## EXERCISE OBJECTIVE
Only an exact copy is wanted: the lines from the one holding "ราคา กรองน้ำมันเครื่อง Honda" through the last line below, minus the pictures.

## SOURCE DATA
════

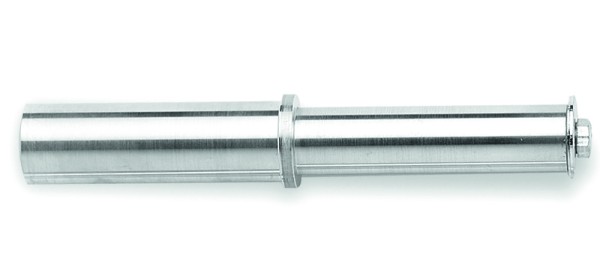 VECTOR adapterbout Ø 30 mm voor enkele arm achterwielstandaard - DUCATI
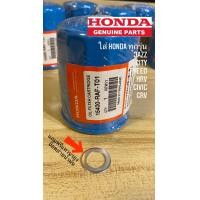 ราคา กรองน้ำมันเครื่อง Honda 15400 RAF T01 (7392075494)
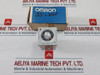 Omron H3Ba-8 Timer Module H3Ba 0.5S To 100H 5A 250Vac 0-1.0 Sec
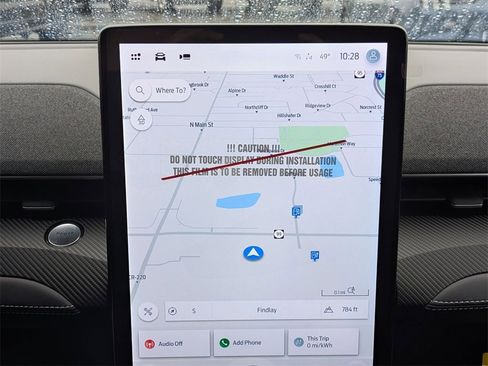 New 2024 Ford Mustang Mach-E Premium image 14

════

## RESULT OF THIS EXERCISE
 ราคา กรองน้ำมันเครื่อง Honda 15400 RAF T01 (7392075494)
 Omron H3Ba-8 Timer Module H3Ba 0.5S To 100H 5A 250Vac 0-1.0 Sec
 New 2024 Ford Mustang Mach-E Premium image 14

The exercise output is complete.